■ Given material ■
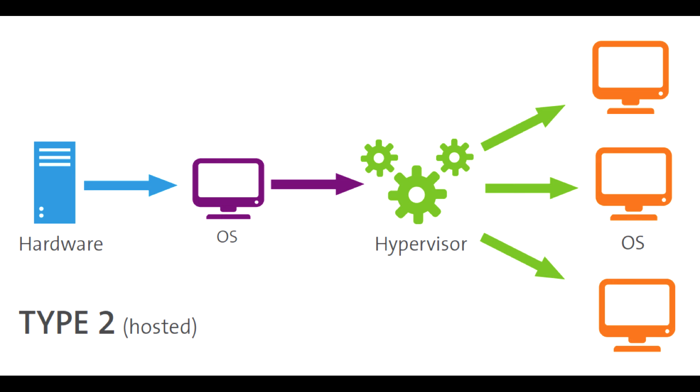3. Isolation: If you want to run an application that may be risky or incompatible with your primary operating system, a Type 2 hypervisor can provide isolation and security.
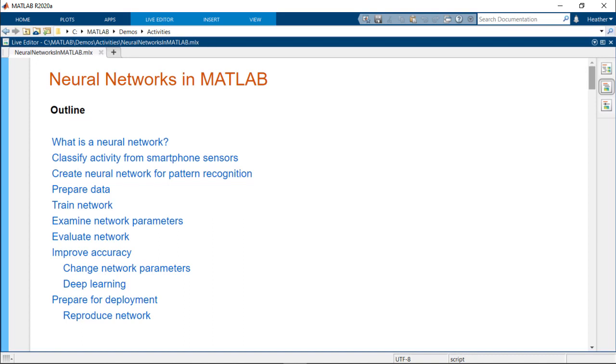Hello and welcome back to another MATLAB video. Today we're going to be talking about neural networks and we'll train one to classify human activities based on sensor data from smartphones.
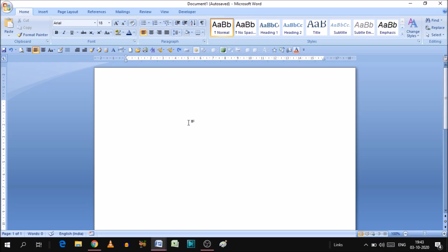Hello everyone, this is Vishwa. In today's video we will see how we can create a page border in Microsoft Word.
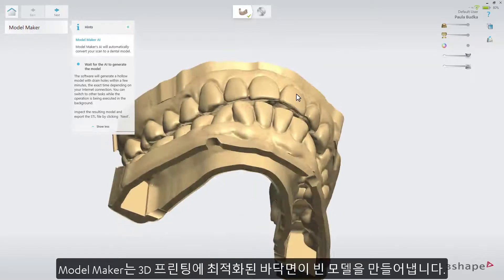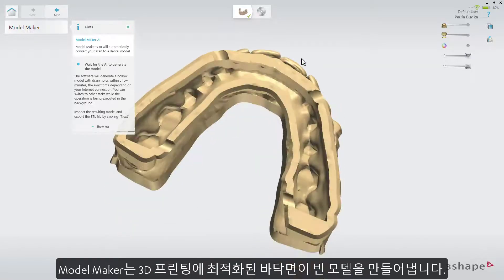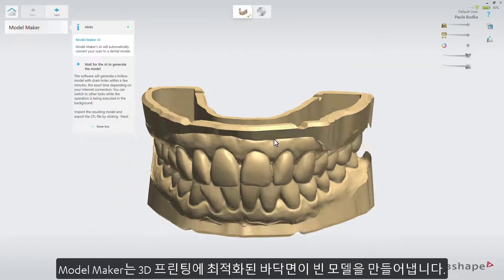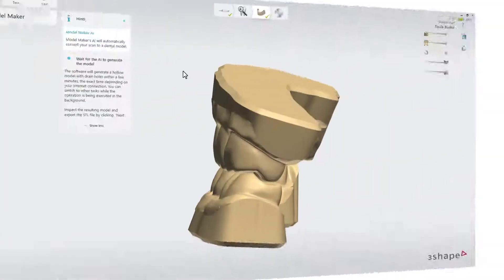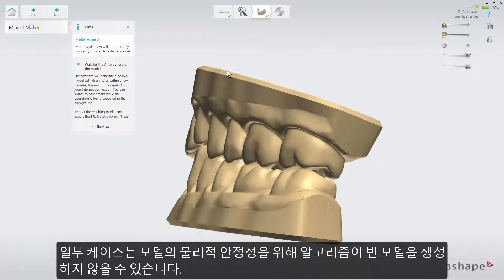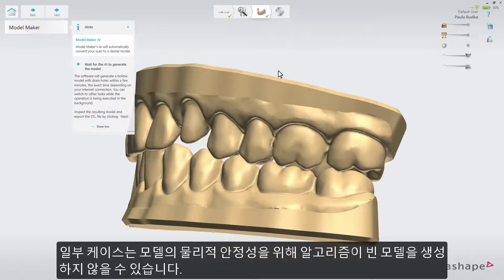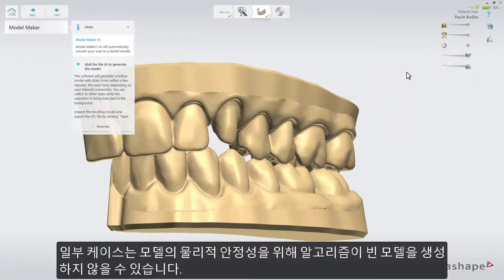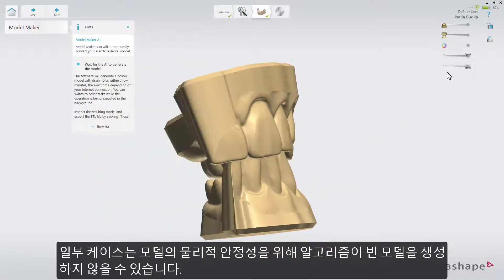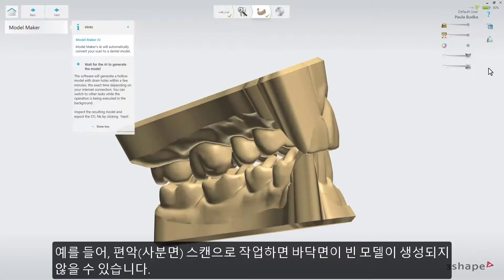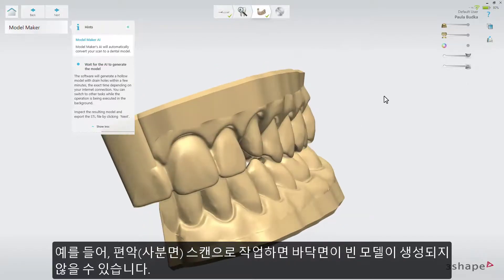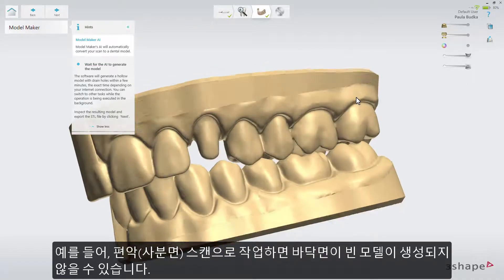ModelMaker will produce a hollowed model, optimized for 3D printing. In some cases, the algorithm will not include hollowing, to ensure mechanical stability. For example, if you work on quadrant scans, they might not be hollowed.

■ Exercise aim ■
Reproduce nothing but the lines from the line containing "Hello and welcome" through the last line of the data above, exactly as written and without pictures.

■ Output for this task ■
Hello and welcome back to another MATLAB video. Today we're going to be talking about neural networks and we'll train one to classify human activities based on sensor data from smartphones.
Hello everyone, this is Vishwa. In today's video we will see how we can create a page border in Microsoft Word.
ModelMaker will produce a hollowed model, optimized for 3D printing. In some cases, the algorithm will not include hollowing, to ensure mechanical stability. For example, if you work on quadrant scans, they might not be hollowed.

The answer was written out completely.